Our domestic dogs have evolved to digest carbohydrates more efficiently than their wild ancestors. Carbohydrate sources like potatoes, corn, peas, and rice help form kibble and add bulk, making it affordable and more filling.
While carbs do not help build muscle, they are converted to glucose and burned for energy, sparing protein to be used for muscle growth. Glucose is stored in the liver and muscles for energy when the body needs it. Excess glucose, though, is stored as fat. That’s why a diet that’s too high in carbohydrates can cause your dog to gain weight.
Many veterinarians and veterinary nutritionists feel that the high-carb, moderate-protein content in most kibbles are contributing to high rates of obesity and diabetes in dogs. What’s more, some dogs may not be getting enough protein, even from foods that have high protein content.
Dog food does not only contain protein from meat. Plant sources like rice, peas, and corn all contain protein. Vegan dog food, usually reserved for dogs with severe allergies, contains no protein from meat at all. Protein from plants is harder for your dog’s body to utilize than protein from meat. Many kibbles also contain synthetic sources of amino acids.
So it’s not enough to look for the dog food with the highest protein content. It’s also important to consider the quality of bioavailability of the protein in your dog’s food.

How Much Protein Does My Dog Need Per Day?
Your dog’s protein needs depend on their age, activity level, body condition score, and whether they have any chronic health issues.
Puppies, pregnant and lactating dams, and canine athletes all need more protein to support muscle growth and repair.
Senior dogs need plenty of lean protein to help combat muscle loss that comes with aging. However, they often have chronic health issues that make it harder for their body to process a high protein diet.
Dog food contains a minimum of 8% protein on a dry matter basis, meaning exclusive of any moisture in the food. High protein foods, including puppy foods, may contain up to 30% protein. Raw and freeze-dried raw foods can contain 50% and up.
An ideal diet will have a good balance of fat, protein from meat, and carbohydrates to fuel your dog’s energy and nutritional needs.
Quality sources of animal protein include eggs, beef, chicken, fish, organ meats like liver and gizzards, as well as “meals.” Meals in dog foods are simply ground up animal parts that have been rendered into a shelf-stable powder for easy transportation and stability. Since the moisture has been removed, they are highly concentrated sources of protein found in many quality foods.

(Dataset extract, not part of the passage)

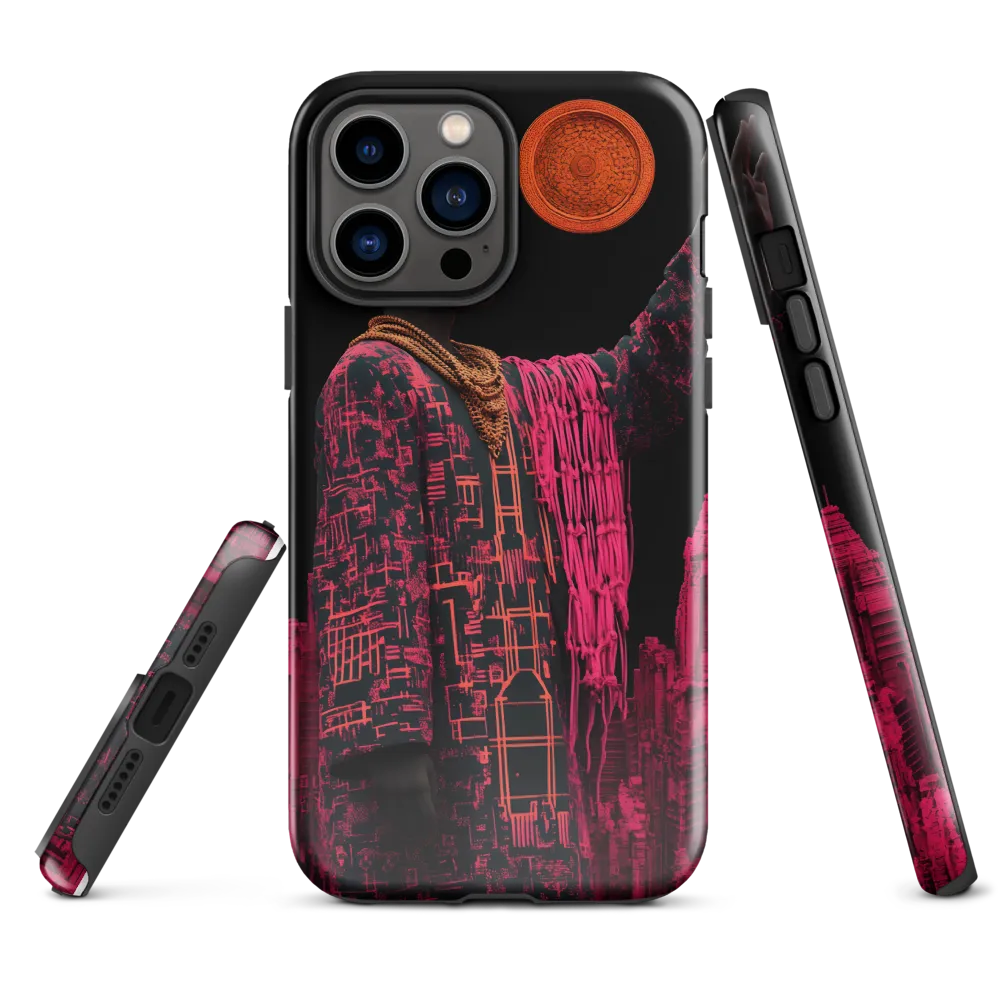 Regal Mystique: A Fusion of Tradition and Urbanity | Phone Case |  13 Pro Max | Tough Case | Glossy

What Happens If My Dog Eats Too Much Protein?
For the typical adult dog, eating an excess of protein is not necessarily dangerous - but it’s not particularly healthy, either.
Excess amino acids are broken down by the kidneys and are excreted in the urine. This makes their urine more acidic, so you might also notice more urine-burned dead spots on your lawn.
Dogs with kidney issues can have a hard time processing a high-protein dog food. Kidney disease is common in dogs, and it’s often not diagnosed until the later stages. Excess protein puts a strain on unhealthy kidneys, and can make kidney disease worse. However, a high protein diet does not cause kidney disease in healthy dogs.
Excess protein that is not utilized for energy or muscle repair is stored in the body as fat. Feed too much protein, and your dog might put on too much weight. Otherwise, though, a healthy adult dog can usually handle a high protein diet. It just helps if they exercise enough to burn off that extra energy.

How To Add More Protein To Your Dog’s Diet
If you’re considering switching to a dog food with more protein, consult your veterinarian first. Under your vet’s guidance, you can transition your dog to a new, higher quality food.
You can also supplement your dog’s diet by adding a protein-rich topper or high protein treats to their favorite kibble. Canned, raw, cooked, and dehydrated dog food all contain more protein than the average kibble, and they can be used as a topper if you are unable to make a complete change.